Driver Manager: Loads and unloads drivers on behalf of an application. Processes ODBC function calls or passes them to a driver.
Driver: Processes ODBC function calls, submits SQL requests to a specific data source, and returns results to the application. If necessary, the driver modifies an application's request so that the request conforms to syntax supported by the associated DBMS.
Data source: Consists of the data the user wants to access and its associated operating system, DBMS, and network platform (if any) used to access the DBMS.
Multiple drivers and data sources can exist, which allows the application to simultaneously access data from more than one data source.

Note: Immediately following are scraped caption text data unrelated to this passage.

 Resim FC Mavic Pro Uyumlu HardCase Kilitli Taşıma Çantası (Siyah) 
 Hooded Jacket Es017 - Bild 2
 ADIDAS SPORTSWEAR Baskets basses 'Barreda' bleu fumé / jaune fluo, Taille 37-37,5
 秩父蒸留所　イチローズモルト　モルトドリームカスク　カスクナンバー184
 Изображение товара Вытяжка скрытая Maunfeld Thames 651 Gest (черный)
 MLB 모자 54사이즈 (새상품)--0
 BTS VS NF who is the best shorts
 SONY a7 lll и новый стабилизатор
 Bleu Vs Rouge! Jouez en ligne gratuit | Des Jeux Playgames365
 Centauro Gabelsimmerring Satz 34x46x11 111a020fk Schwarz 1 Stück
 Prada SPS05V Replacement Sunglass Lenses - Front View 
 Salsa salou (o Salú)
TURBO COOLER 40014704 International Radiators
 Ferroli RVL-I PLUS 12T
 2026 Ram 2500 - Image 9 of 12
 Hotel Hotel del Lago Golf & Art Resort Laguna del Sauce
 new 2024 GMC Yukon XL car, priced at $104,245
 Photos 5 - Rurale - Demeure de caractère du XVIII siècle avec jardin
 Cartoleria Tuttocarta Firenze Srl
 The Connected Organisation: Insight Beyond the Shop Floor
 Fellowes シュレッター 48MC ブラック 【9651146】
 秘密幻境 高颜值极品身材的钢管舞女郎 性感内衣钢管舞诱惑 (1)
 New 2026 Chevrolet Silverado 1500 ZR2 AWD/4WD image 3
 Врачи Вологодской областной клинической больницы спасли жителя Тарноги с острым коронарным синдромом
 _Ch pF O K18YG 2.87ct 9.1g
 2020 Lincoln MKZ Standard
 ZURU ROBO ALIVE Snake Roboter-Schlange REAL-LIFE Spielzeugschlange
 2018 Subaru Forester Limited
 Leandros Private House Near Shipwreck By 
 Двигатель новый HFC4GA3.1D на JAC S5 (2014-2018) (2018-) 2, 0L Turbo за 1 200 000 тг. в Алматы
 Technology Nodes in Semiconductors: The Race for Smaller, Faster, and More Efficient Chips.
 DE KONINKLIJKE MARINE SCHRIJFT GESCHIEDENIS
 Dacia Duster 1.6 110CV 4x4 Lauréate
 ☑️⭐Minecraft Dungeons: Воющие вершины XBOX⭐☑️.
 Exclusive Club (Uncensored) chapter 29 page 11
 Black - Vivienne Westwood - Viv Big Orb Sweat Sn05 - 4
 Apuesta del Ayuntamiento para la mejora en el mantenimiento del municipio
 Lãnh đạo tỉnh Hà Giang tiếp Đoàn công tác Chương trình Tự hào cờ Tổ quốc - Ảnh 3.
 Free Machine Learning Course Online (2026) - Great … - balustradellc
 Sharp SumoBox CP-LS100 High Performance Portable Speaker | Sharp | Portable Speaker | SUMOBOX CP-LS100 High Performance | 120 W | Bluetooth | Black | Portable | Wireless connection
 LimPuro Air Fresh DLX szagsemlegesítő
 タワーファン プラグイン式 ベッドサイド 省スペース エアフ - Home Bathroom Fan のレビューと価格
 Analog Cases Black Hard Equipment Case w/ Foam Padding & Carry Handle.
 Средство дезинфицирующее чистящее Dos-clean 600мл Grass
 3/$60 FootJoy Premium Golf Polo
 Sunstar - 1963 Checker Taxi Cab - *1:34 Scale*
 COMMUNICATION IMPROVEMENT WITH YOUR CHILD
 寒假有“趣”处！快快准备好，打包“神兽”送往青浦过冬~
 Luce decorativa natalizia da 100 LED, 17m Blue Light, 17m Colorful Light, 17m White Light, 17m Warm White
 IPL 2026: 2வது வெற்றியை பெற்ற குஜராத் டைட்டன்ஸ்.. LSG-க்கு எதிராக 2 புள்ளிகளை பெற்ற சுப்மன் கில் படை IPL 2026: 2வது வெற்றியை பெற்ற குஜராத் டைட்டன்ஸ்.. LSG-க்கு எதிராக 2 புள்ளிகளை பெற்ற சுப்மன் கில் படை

The ODBC API is used in two places: between the application and the Driver Manager, and between the Driver Manager and each driver. The interface between the Driver Manager and the drivers is sometimes referred to as the service provider interface, or SPI.
For ODBC, the application programming interface (API) and the service provider interface (SPI) are the same; that is, the Driver Manager and each driver have the same interface to the same functions.
ODBC is used from the calling application in one of the three ways. An application is a program that calls the ODBC API to access data. Although many types of applications are possible, most fall into three categories, which are used as examples throughout this series:
Generic Applications: These are also referred to as shrink-wrapped applications or off-the-shelf applications. Generic applications are designed to work with a variety of different DBMSs. Examples include a spreadsheet or statistics package that uses ODBC to import data for further analysis and a word processor that uses ODBC to get a mailing list from a database.
An important subcategory of generic applications is application development environments, such as PowerBuilder or Visual Basic. Although the applications constructed with these environments will probably work only with a single DBMS, the environment itself needs to work with multiple DBMSs.
What all generic applications have in common is that they are highly interoperable among DBMSs and they need to use ODBC in a relatively generic manner.
Vertical Applications: Vertical applications perform a single type of task, such as order entry or tracking manufacturing data, and work with a database schema that is controlled by the developer of the application.
For a particular customer, the application works with a single DBMS. For example, a small business might use the application with dBase, while a large business might use it with Oracle.
The application uses ODBC in such a manner that the application is not tied to any one DBMS, although it might be tied to a limited number of DBMSs that provide similar functionality. Thus, the application developer can sell the application independently from the DBMS. Vertical applications are interoperable when they are developed but are sometimes modified to include non-interoperable code once the customer has chosen a DBMS.
Custom Applications: Custom applications are used to perform a specific task in a single company. For example, an application in a large company might gather sales data from several divisions (each of which uses a different DBMS) and create a single report.
ODBC is used because it is a common interface and saves programmers from having to learn multiple interfaces. Such applications are generally not interoperable and are written to specific DBMSs and drivers.
How does a typical ODBC program work?
A number of tasks are common to all applications, no matter how they use ODBC. Taken together, they largely define the flow of any ODBC application.
These are the following steps typically involved in using an ODBC data source from your application. We will explore these steps in more detail later:
1. Configure the data source on the terminal.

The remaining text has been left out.